%%
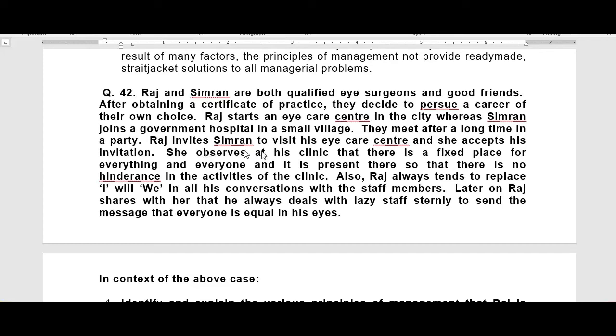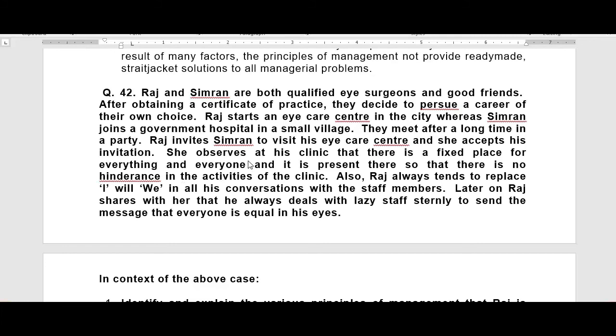Raj invites Simran to visit his eye care center and she accepts his invitation. She observes at his clinic that there is a fixed place for everything and everyone is present there, so that there is no hindrance in the activities of the clinic. So we learned that the principle of order is here.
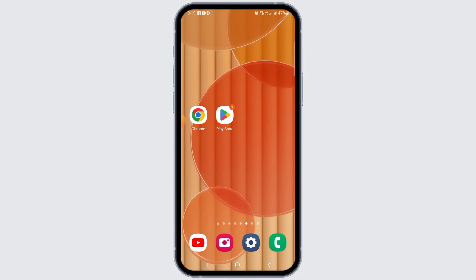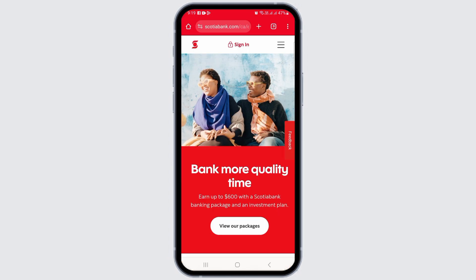You will receive a notification via email or SMS when someone sends you an Interac e-Transfer. This notification will contain instructions and a link to accept the transfer. Click on the link provided in the email or SMS.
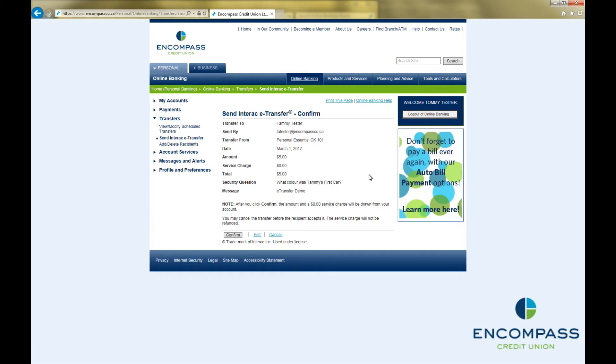If you need to make any changes, you can click Edit and it will take you back to the previous screen. Once you are sure everything is correct, click Confirm.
%%
- WHAT TO DO
The expected output is the full material above, word for word, without pictures.

- REPLY TO THE TASK
Raj invites Simran to visit his eye care center and she accepts his invitation. She observes at his clinic that there is a fixed place for everything and everyone is present there, so that there is no hindrance in the activities of the clinic. So we learned that the principle of order is here.
You will receive a notification via email or SMS when someone sends you an Interac e-Transfer. This notification will contain instructions and a link to accept the transfer. Click on the link provided in the email or SMS.
If you need to make any changes, you can click Edit and it will take you back to the previous screen. Once you are sure everything is correct, click Confirm.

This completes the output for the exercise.